About Financial Performance

I don’t remember why I wrote this post at the time but I still think along the same lines, so let me publish this draft as well.

When it comes to benchmarking and performance, I care about two questions. 1) Am I positive for the year? 2) Am I above my benchmark? There are unlimited ways of looking at performance but in many cases these two answers tell much of the story. To compute performance, I take the change in balance from December 31st, back out the transfers and divide the result by December 31 balance. An individual who looks at much more than this is analyzing the past at the expense of the future.

Institutional metrics often permeate the non-professional circles. The places where art and science are progressed invariably become sources of leadership in a subject matter but when it comes to performance metrics, they need not be taken at face value because every tool has its purpose. Institutions have their shareholders, investors, employees, auditors, and other stakeholders who are concerned with data relevant to them. Some institutional internal methods end up on external sites as if they matter to the average person. Interestingly, over time these do become important as people bombarded with unending choices attempt to make optimal judgment calls. What is unfortunate is that many base their decisions on hypothetical mathematics.

Take this definition of Quarter-End Average Annual Total Returns: Quarter-end Average annual total return is a hypothetical rate of return on a quarterly basis that, if achieved annually, would have produced the same cumulative total return if performance had been constant over the entire period. Average annual total returns smooth out variation in performance; they are not the same as actual year-by-year results.

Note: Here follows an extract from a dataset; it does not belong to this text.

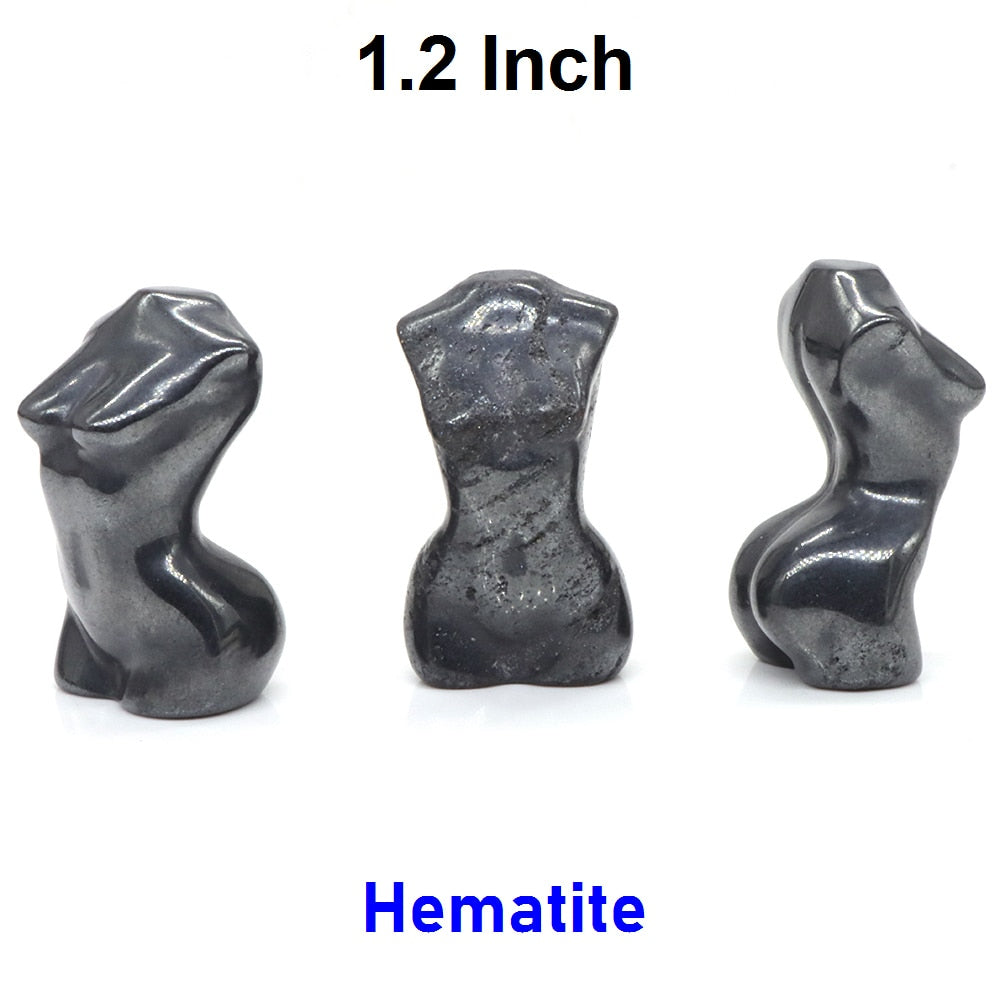 Stone Sex Lady Model Statue Mini Handmade Body Carved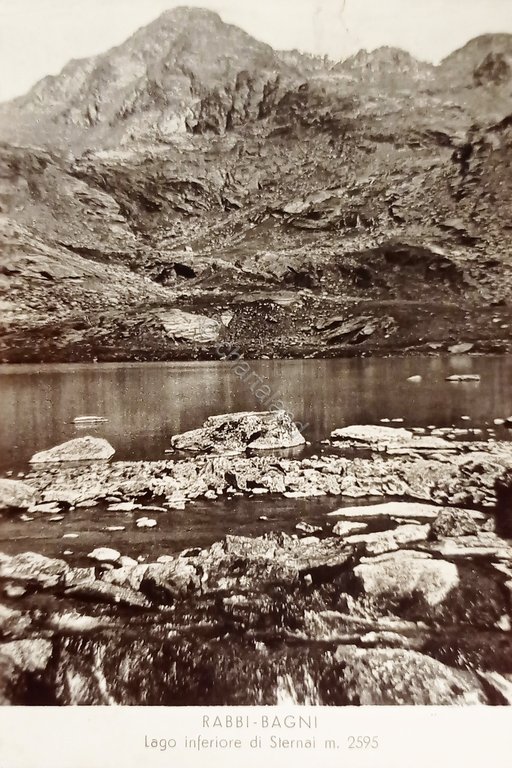 Cartolina - Rabbi-Bagni ( Trento ) - Lago inferiore di …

How about this one for Return After Taxes on Distributions: Return After Taxes on Distributions are calculated using the historical maximum federal individual marginal income tax rates associated with fund distributions and assume that an investor continued to hold the shares. Therefore, they do not reflect the federal income tax impact of gains or losses recognized when fund shares are sold. These returns do not reflect the impact of state and local taxes. Actual after-tax returns depend on your tax situation

What is the purpose of these and many other derived data points? Why doesn’t the financial services industry attempt to simplify performance metrics? I think some of these are created to make investors feel good about their holdings. Others are created to make performance appear better in one year where another calculation method would result in inferior results. If one cannot improve performance, why not improve the way performance is computed. A third set are created because people like to overly complicate matters.

I find the same principle of too much complexity in many other departments of life. Unfortunately dealing with complexity requires energy. Therefore, we can only benefit by simplifying that which concerns us. In choosing a solution, in making a decision, in everyday life I always think “How does this help keep my life simple?” If the choice does not help simplify my life, then the next question is “Why am I willing to pay a premium (in energy) for it?”

Financial performance information should be simple and easily comparable. Performance reporting has turned into an art with mutual funds coming up with all kinds of creative ways to report performance. Attempt to compare these numbers from multiple services and you will quickly find yourself up against numerous somewhat meaningless numbers that are only good for order of magnitude comparisons (if that).